Done right, it'll be cheaper for them (they can advertise "high speed internet included!" or whatever) and you won't have much to do assuming everything on your end just works.
The days where small ISPs provided things like email, web hosting, etc, are long gone; you're just providing a DHCP IP and potentially not even that if you roll out carrier-grade NAT.
I have only done a few midwestern states. Call them and ask [0] - (919) 733-7328. You may want to first call your proposed county commissioner's office or city hall (if you are not rural), and ask them who to talk with about a new local business providing Internet service.
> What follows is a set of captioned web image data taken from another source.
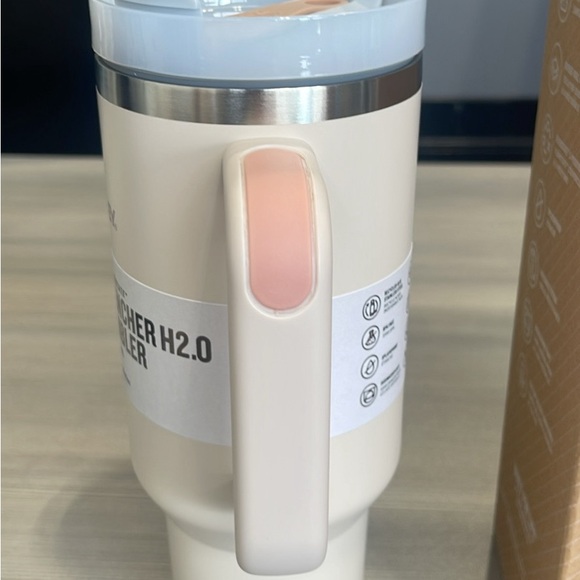 "Brand New Stanley The Quencher H2.0 FlowState™ Tumbler 40 oz / 1.18 L - Picture 7 of 7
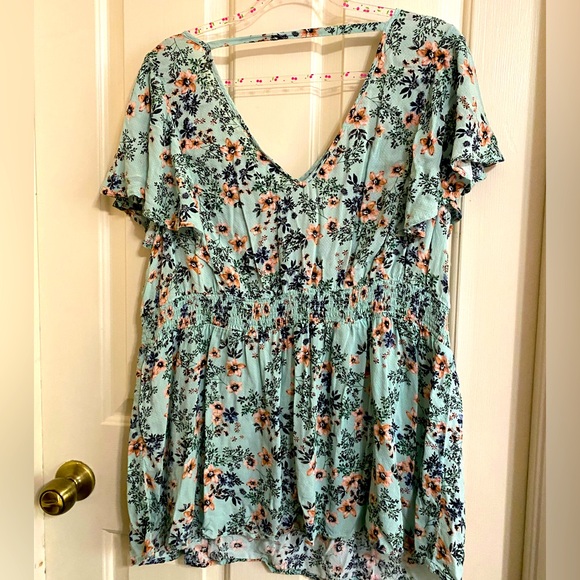 Torrid Floral V-Neck blouse - Picture 6 of 7
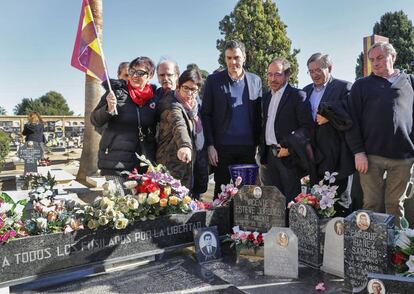 El socialista Pedro Sánchez, con cargos del partido, y familiares de fusilados por el franquismo en el cementerio de Paterna (Valencia).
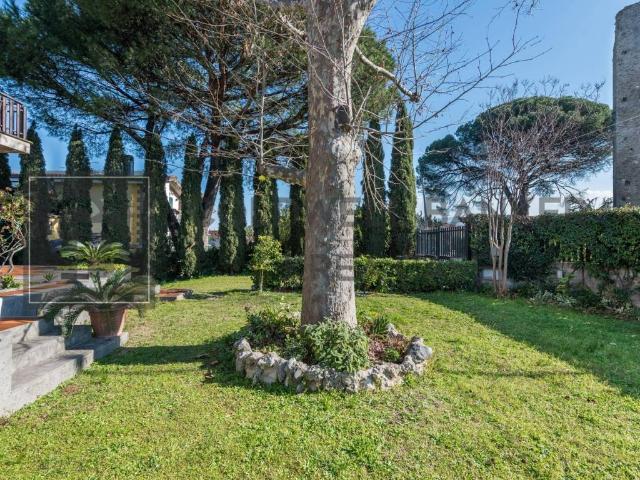 Villa Indipendente in vendita a Valle Copella, Ciampino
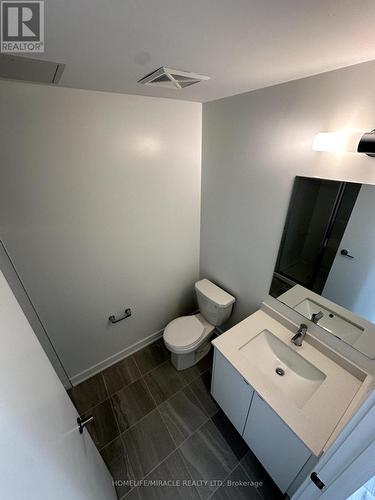 615 - 1440 Clarriage Court, Milton (Ford), ON - Indoor Photo Showing Bathroom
If you can show the Utilities Commission that you are working with someone at the local level I have found they will treat you more seriously. In certain rural counties, you can even qualify for funding from the Rural Utilities Service of the USDA.
EDIT: typos + also most states distinguish between facilities-based ISP's (ie with physical plant in the regulated public right-of-way) and other ISPs. Tell them you are looking to become a facilities-based ISP.
We have a different take on running "one big database." At ScyllaDB we prefer vertical scaling because you get better utilization of all your vCPUs, but we still will keep a replication factor of 3 to ensure that you can maintain [at least] quorum reads and writes.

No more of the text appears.